PROBLEM DETAILS:
Every line containing "Golf" should be identified and copied from the data below.

INPUT DATA:
-- Opening Marker --
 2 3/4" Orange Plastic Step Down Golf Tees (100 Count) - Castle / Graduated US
-- Closing Marker --
-- Opening Marker --
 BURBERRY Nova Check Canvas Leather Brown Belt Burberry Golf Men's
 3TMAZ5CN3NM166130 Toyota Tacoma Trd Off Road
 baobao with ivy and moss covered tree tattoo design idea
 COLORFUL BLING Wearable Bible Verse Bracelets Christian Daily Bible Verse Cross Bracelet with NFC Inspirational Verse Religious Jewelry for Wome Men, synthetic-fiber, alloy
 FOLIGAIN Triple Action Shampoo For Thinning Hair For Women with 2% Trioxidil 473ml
-- Closing Marker --
-- Opening Marker --
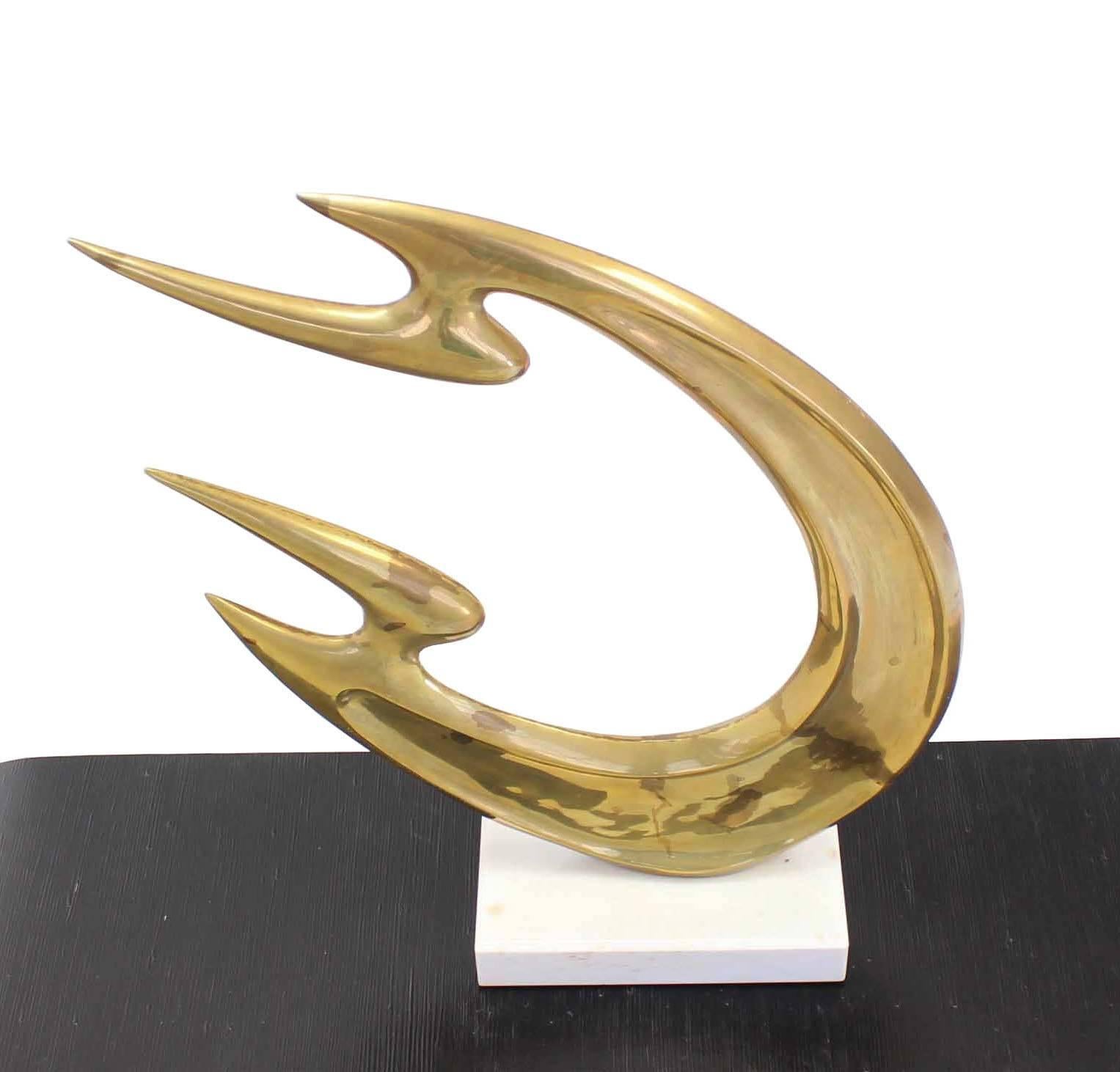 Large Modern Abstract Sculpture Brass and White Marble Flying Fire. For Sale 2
-- Closing Marker --
ANSWER FOR THE TASK:
 2 3/4" Orange Plastic Step Down Golf Tees (100 Count) - Castle / Graduated US
 BURBERRY Nova Check Canvas Leather Brown Belt Burberry Golf Men's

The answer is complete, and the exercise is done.